Peu de temps auparavant, elle avait accepté la même chose pour un groupe de sœurs qui ont été alors installées à Brignoles, entraînant la fermeture du cours Saint-Dominique de Toulon.
Cette demande, est refusée et cette décision remise en question.
Brignoles ne se soumit pas. De son côté, la supérieure injustement destituée finit, avec d’autres sœurs qui ne voulaient pas accepter cette désastreuse forfaiture et cette trahison essentielle, par se réfugier, pour une fondation nouvelle, tout d’abord pauvrement dans un petit immeuble de Fanjeaux, avant de s’installer au Cammazou.

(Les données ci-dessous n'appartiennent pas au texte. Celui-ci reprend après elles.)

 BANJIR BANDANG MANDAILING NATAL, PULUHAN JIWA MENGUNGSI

Au passage, une question importante est ici réglée. Les évêques n’hésitèrent pas à affirmer que, relevées de leurs voeux, les partantes n’étaient plus des religieuses, mais comme le déclara le chanoine Cloupet (6) des « demoiselles déguisées ».
De l’avis de tous les canonistes, l’indult de sécularisation utilisé alors comme sanction est sans valeur, tout simplement parce que contrairement à ce qui le définit, les intéressées ne l’ont pas pas demandé ! L’étude strictement canonique est ajoutée en annexe.

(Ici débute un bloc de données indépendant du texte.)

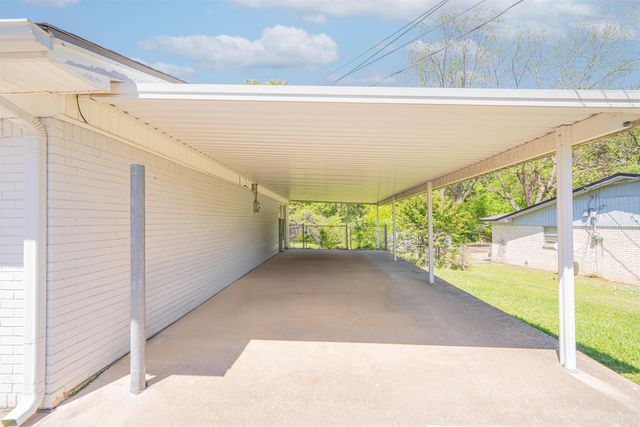 1307 Eva Dr., Longview, TX 75605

L’obéissance avait été tentée, au delà même de toute justice, mais les Constitutions, les lois de l’Eglise, et même les vocations et la Foi incontestablement Catholique n’étant, à l’évidence, plus respectées, la Fidélité imposait la rupture.
Si l’on juge l’arbre à ses fruits, de deux communautés de 26 et 20 religieuses héroïquement parties, sont issues deux branches qui comptent aujourd’hui à elles deux, dans de nombreuses écoles en France et à l’étranger, deux fois plus de sœurs que ne réunissait, avant la séparation, le tronc dont elles se sont éloignées et dont nous préférons ignorer l’état actuel.
(1) Lettre liminaire du congrès des états de perfection novembre 1950
(2) La loi Debré de 1959 fut entourée de réflexions, négociations et tractations impliquant les supérieures majeures des religieuses enseignantes.
(3) terme employé par monseigneur Garrone en 1964 pour inciter les supérieures majeures de France à « être dans le mouvement du Concile ».
(4) Perfectae Caritatis, et Ecclesiae Sanctae. Le premier imposait l’ « aggiornamento » à toute l’Eglise, et le second demandait aux congrégations de modifier leurs constitutions dans cet esprit.
(5) Le Cardinal Gut, préfet de la congrégation pour le culte divin, lui accorda un indult pour conserver l’usage de cette messe, de toutes façons toujours valide, mais dès sa mort, Monseigneur Bugnini, de sinistre mémoire, s’empressa d’en nier la valeur par des arguments spécieux.
(6) Célèbre secrétaire général de l’enseignement catholique, signataire des accords dits « Cloupet-Lang » pour une formation et une titularisation des maîtres du « privé sous contrat » identiques à celles du « public ».